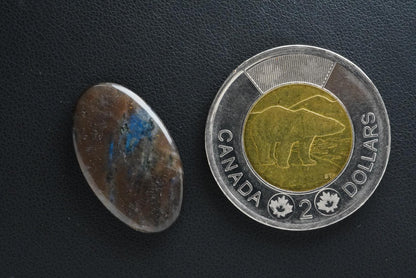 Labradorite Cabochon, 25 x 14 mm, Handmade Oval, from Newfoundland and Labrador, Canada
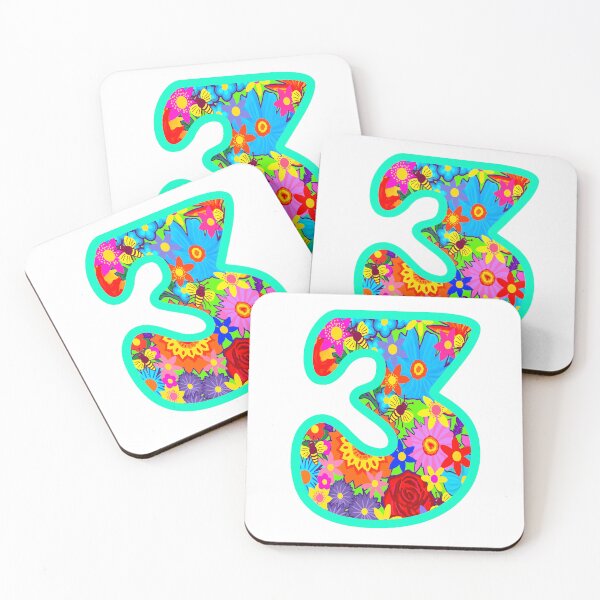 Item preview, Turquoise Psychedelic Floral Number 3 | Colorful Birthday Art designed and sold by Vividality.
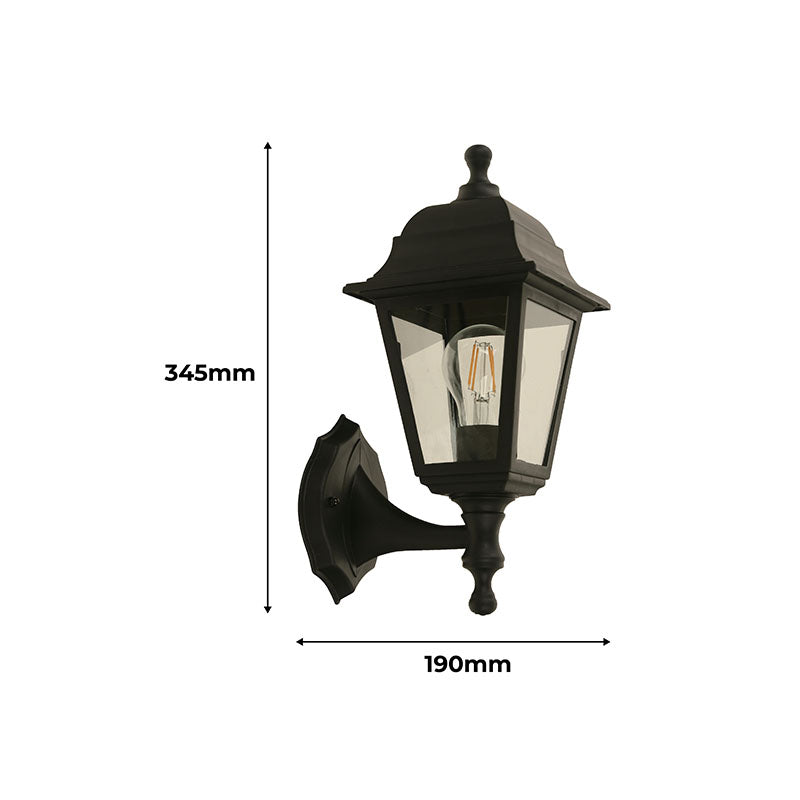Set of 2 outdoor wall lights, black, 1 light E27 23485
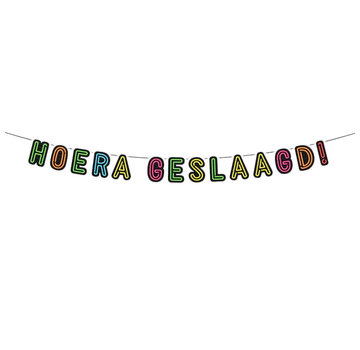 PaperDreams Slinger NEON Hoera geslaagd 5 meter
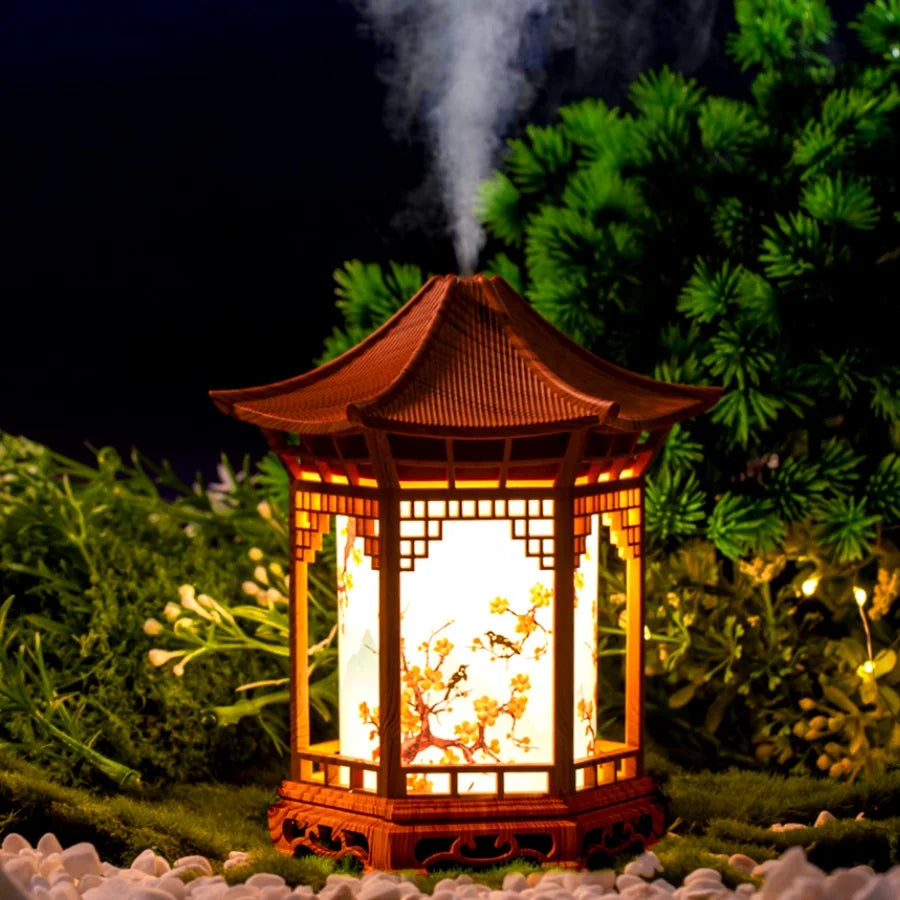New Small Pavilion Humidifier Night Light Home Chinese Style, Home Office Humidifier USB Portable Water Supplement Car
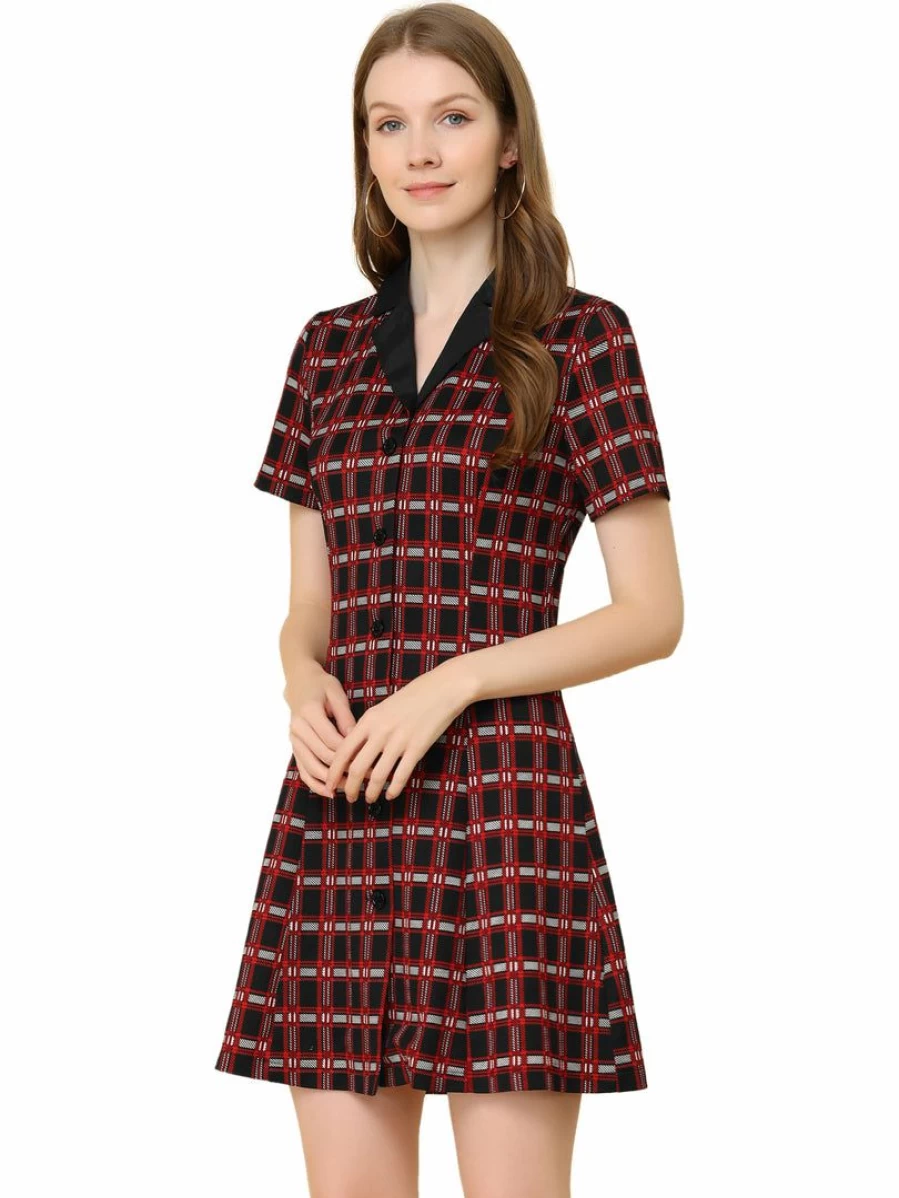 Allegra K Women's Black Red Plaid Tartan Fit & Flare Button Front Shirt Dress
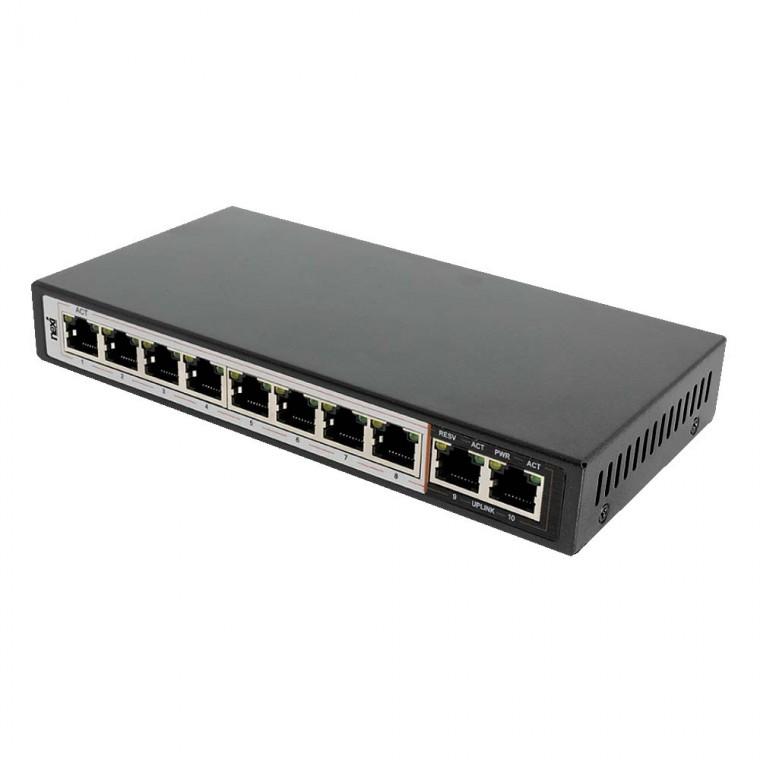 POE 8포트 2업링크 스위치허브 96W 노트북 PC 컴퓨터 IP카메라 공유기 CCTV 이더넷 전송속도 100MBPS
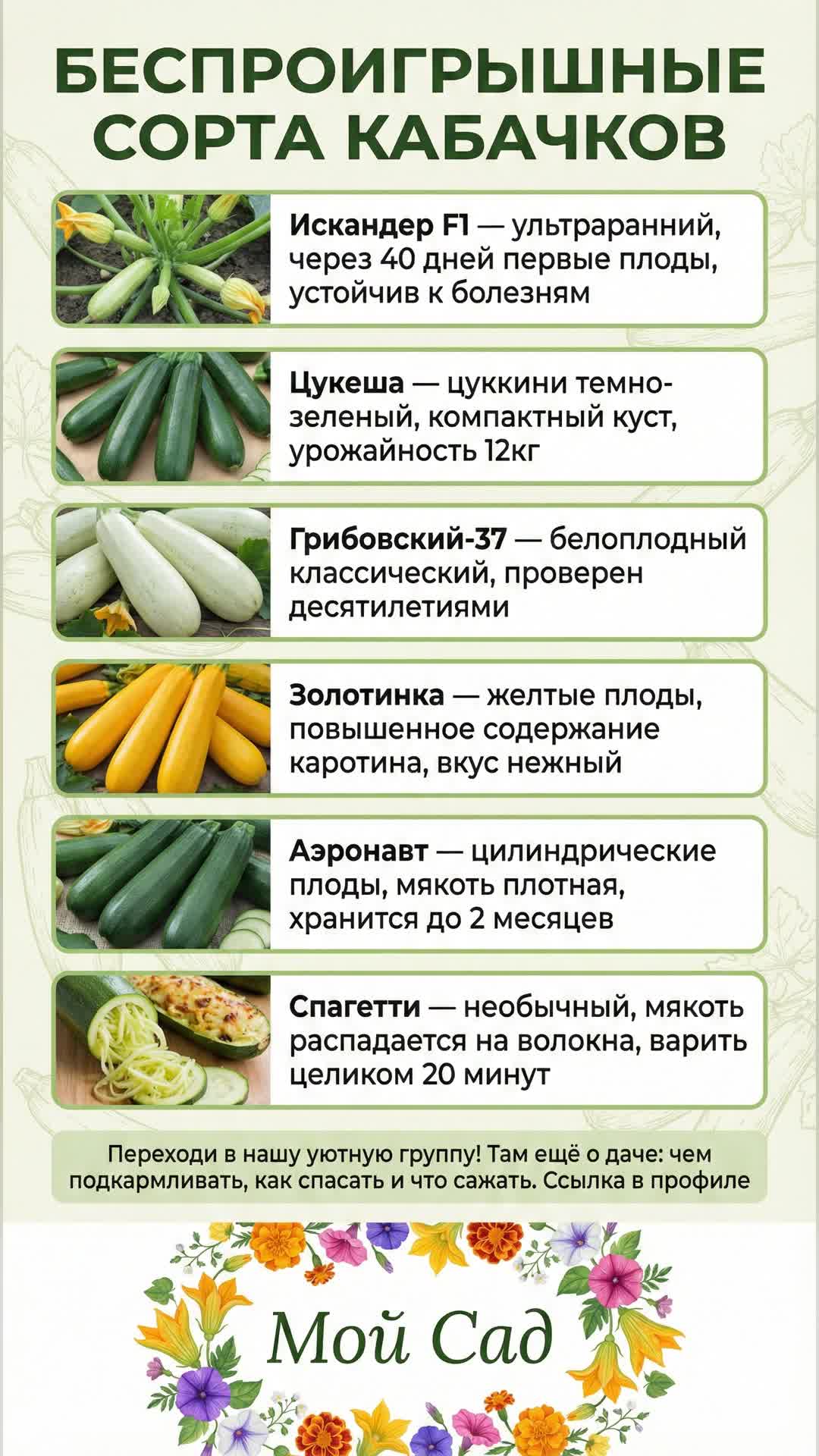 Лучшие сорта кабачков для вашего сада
•••••
## Try it
Output the full material above exactly, leaving every picture out.

## Written response
 Labradorite Cabochon, 25 x 14 mm, Handmade Oval, from Newfoundland and Labrador, Canada
 Item preview, Turquoise Psychedelic Floral Number 3 | Colorful Birthday Art designed and sold by Vividality.
Set of 2 outdoor wall lights, black, 1 light E27 23485
 PaperDreams Slinger NEON Hoera geslaagd 5 meter
New Small Pavilion Humidifier Night Light Home Chinese Style, Home Office Humidifier USB Portable Water Supplement Car
 Allegra K Women's Black Red Plaid Tartan Fit & Flare Button Front Shirt Dress
 POE 8포트 2업링크 스위치허브 96W 노트북 PC 컴퓨터 IP카메라 공유기 CCTV 이더넷 전송속도 100MBPS
 Лучшие сорта кабачков для вашего сада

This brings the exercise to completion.